Con le altre Reti Nazionali non siamo preoccupati dei soldi o di ridurre le equipe a 2 ,che per noi ha davvero poco senso , ma ci preoccupa che la Regione Sardegna non ha ancora una legge di autorizzazione al trasporto sanitario e del relativo accreditamento delle Odv al sistema, ci preoccupa che la Regione ha emanato una delibera in cui prevede un percorso formativo di 200 ore per i soccorritori di fatto escludendo dal servizio chi vuole fare volontariato, quello vero, e lo ha fatto senza una coprogrammazione con le rappresentanze degli ETS coinvolti prevista dalla normativa nazionale.

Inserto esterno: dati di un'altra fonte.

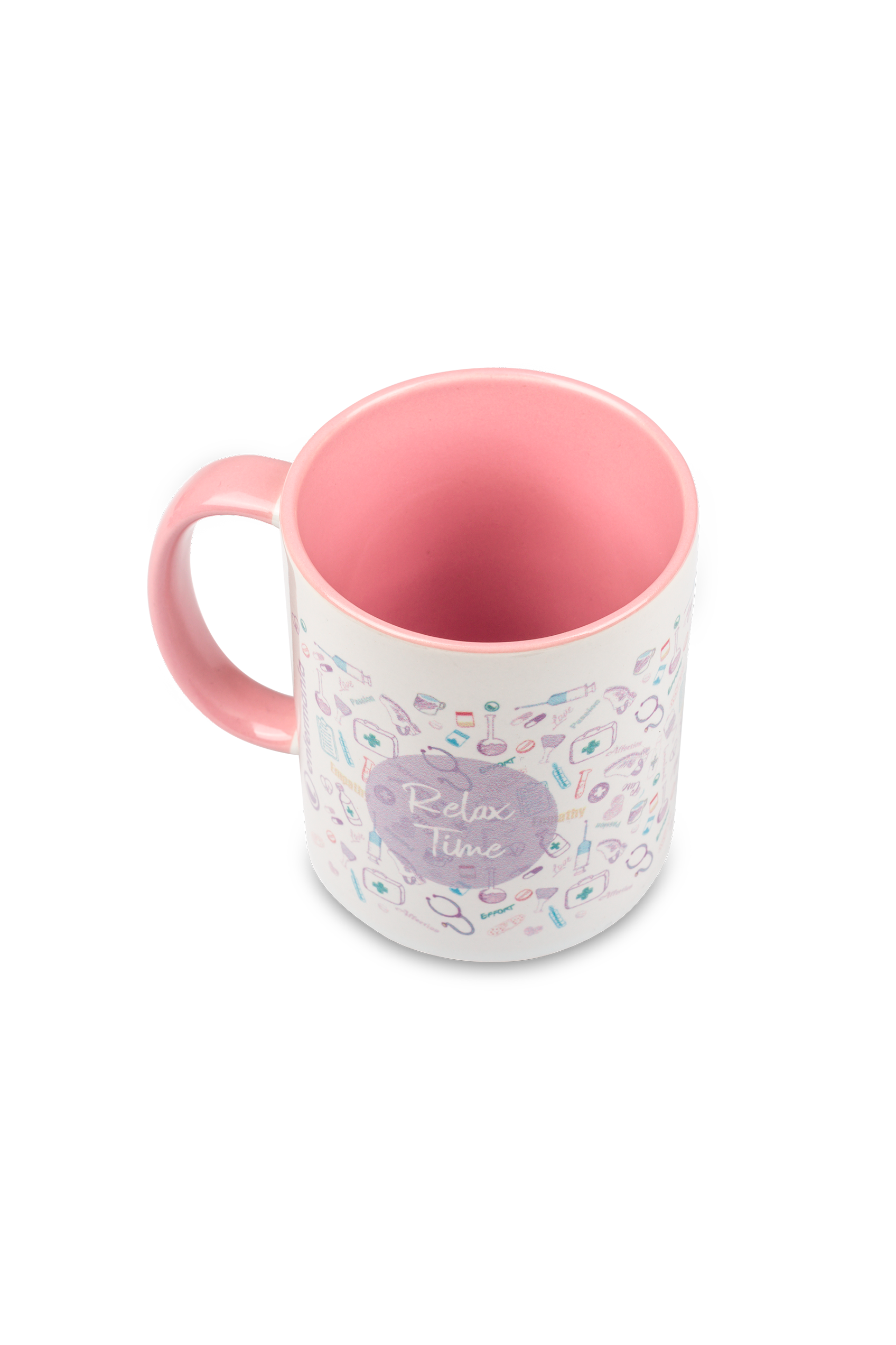 Pink ceramic mug - Care Collection-4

Ci preoccupa che questa delibera, che nel panorama del volontariato del soccorso è un abominio, vuole essere inserita in una proroga di una convenzione che già non rispetta la normativa ed ora si vuole pure modificare sostanzialmente con l'introduzione di questo tema.
Queste sono le nostre preoccupazioni, temi su cui combatteremo con ogni mezzo, coinvolgendo ogni associazione e ogni volontario a loro tutela.